Hillman reminds us that “to sleep is to dream” — that the transition from waking to sleep is mediated by dreaming. He clarifies that it’s “the House of the Lord of the Dead,” the place of challenging dreams, that actually unsettles us. Centuries earlier, Shakespeare’s Hamlet echoed a similar concern in his classic, “To die, to sleep — to sleep, perchance to dream — ay, there's the rub, for in this sleep of death what dreams may come…” Whether at the beginning of the night or intermittently throughout it, insomnia is commonly associated with an allergic-like reactivity or an anxious resistance to dreams.
Oneirophobia is most evident in our waking posture toward dreams. We commonly fail to attend to them or actively dismiss them as in “it’s just a dream…” Even when dreams do get our attention, we typically downsize them by presuming they’re just fun-house mirror reflections of waking life. We also stifle what is deeply personal or potentially transpersonal by relying on pseudoscientific dream dictionaries to guide our interpretation. All of this is further complicated by a sharp reduction of interest in dreams on the part of most American psychotherapists.
Over recent years, I’ve written and spoken extensively about a silent epidemic of REM sleep and dream loss. In fact, much if not most of what we consider sleep loss is actually dream loss. As a result of lifestyles that encourage excessive reliance on medications, alcohol, cannabis, and artificial light at night, we are at least as dream-deprived as we are sleep-deprived. Despite the seriousness of this epidemic, it continues to remain a “silent” one because of our dismissive posture toward dreaming.
The oneirophobia underpinning our dream allergy derives from a long-standing mistrust of the source of our dreams — of the unconscious. From biblical notions about original sin to Freud’s primitive and aggressive id, and neuroscience’s complex but chemically glitchy brain, we have a long history of being suspicious of the unconscious. The Bible, Freud, and neuroscience all share a belief that the unconscious is adaptive, yet ominous.
There certainly are more enlightened perspectives that characterize the unconscious as being trustworthy, wise, and spiritual. Consider notions of Buddhist nobility, the Christ within, or the inner child. Distinguished teachers such as Rumi, Emerson, and Tolle encourage us to approach the unconscious as a great friend, a perspective that invites a more open, positive, and creative view of dreaming.
We should begin with a reconsideration of what dreaming is — and what it’s not. Dreaming, like sleep, is almost exclusively understood in terms of its function in and support of waking life.
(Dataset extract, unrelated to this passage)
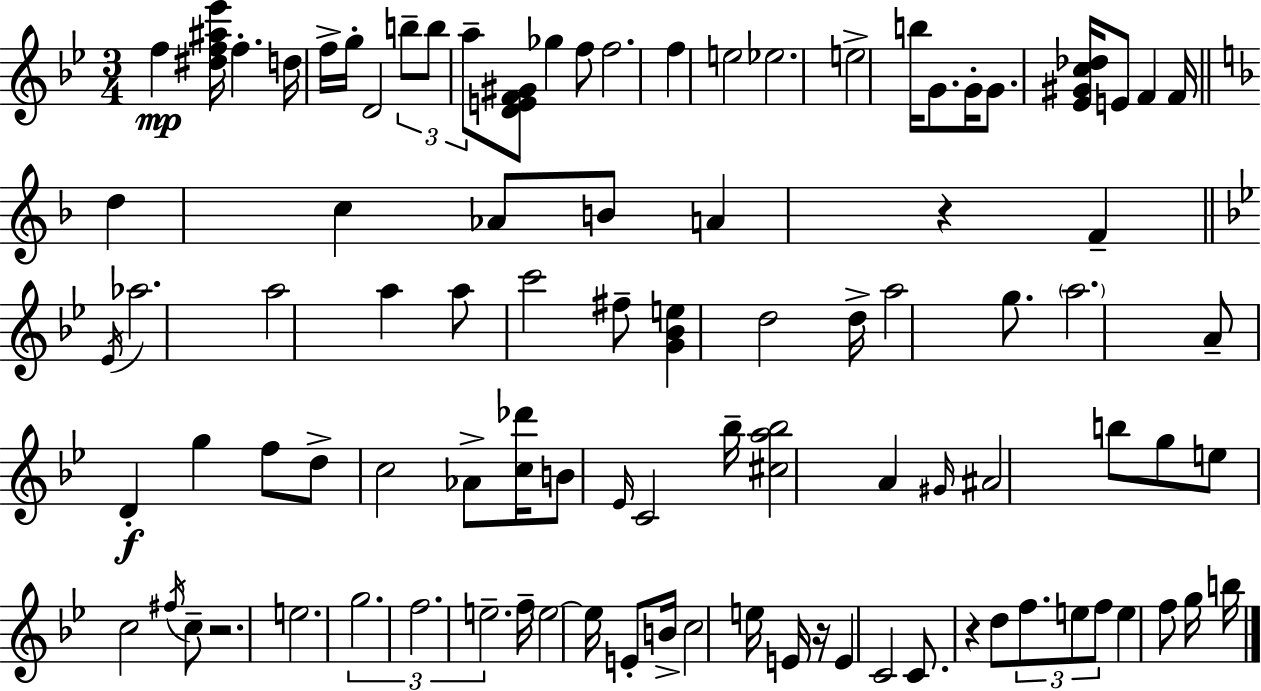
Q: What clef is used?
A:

It maintains and enhances our adaptation to this world. As a result, we see dreaming as a secondary and subservient kind of consciousness — as a subsidiary of waking. But it is not. Dreaming simply can’t be meaningfully understood only from a waking world perspective.
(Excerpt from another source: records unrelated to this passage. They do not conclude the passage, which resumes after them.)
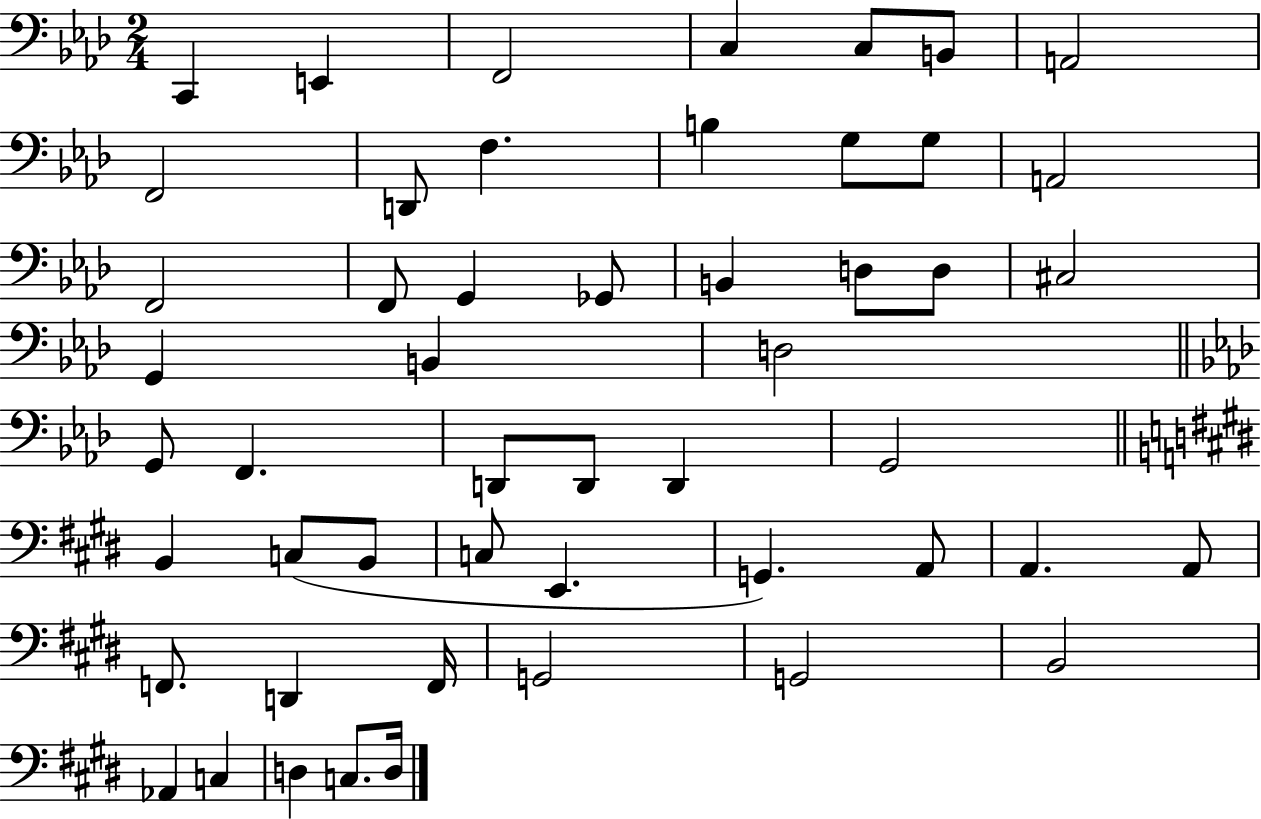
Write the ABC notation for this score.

X:1
T:Untitled
M:2/4
L:1/4
K:Ab
C,, E,, F,,2 C, C,/2 B,,/2 A,,2 F,,2 D,,/2 F, B, G,/2 G,/2 A,,2 F,,2 F,,/2 G,, _G,,/2 B,, D,/2 D,/2 ^C,2 G,, B,, D,2 G,,/2 F,, D,,/2 D,,/2 D,, G,,2 B,, C,/2 B,,/2 C,/2 E,, G,, A,,/2 A,, A,,/2 F,,/2 D,, F,,/4 G,,2 G,,2 B,,2 _A,, C, D, C,/2 D,/4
Above and beyond our experience of any particular dream is the larger issue of dreaming as a state of consciousness. Dreaming is, in fact, its own sovereign state of consciousness — a separate reality. It’s a non-linear fluid kind of consciousness that occupies that mysterious region between waking and sleep. In fact, so much of what we call sleepiness is laced with dreaminess, which beckons us to cross the border and leave the waking world.
Our allergic reaction to dreaming is anxiety about that border crossing. Shifting into another state of consciousness is not just about going to another place, it’s also about becoming a different person. Dreaming nudges us nightly toward expanding our sense of self. Willingly crossing the border into dreaming consciousness is an act of faith in another world — in the world behind the waking world.
Healing our dream allergy then is about opening to a rapprochement with dreaming. We can do so by engaging in dreamwork, which refers to a range of practices like dream journaling, dream sharing, dream interpretation, waking dreamwork, and lucid dreaming. Dreamwork is about engaging in an ongoing dialogue with our dreams. Even if some of the conversations don’t always look that way, it presumes that the dreamer inside of us has an otherworldly intelligence and comes in peace.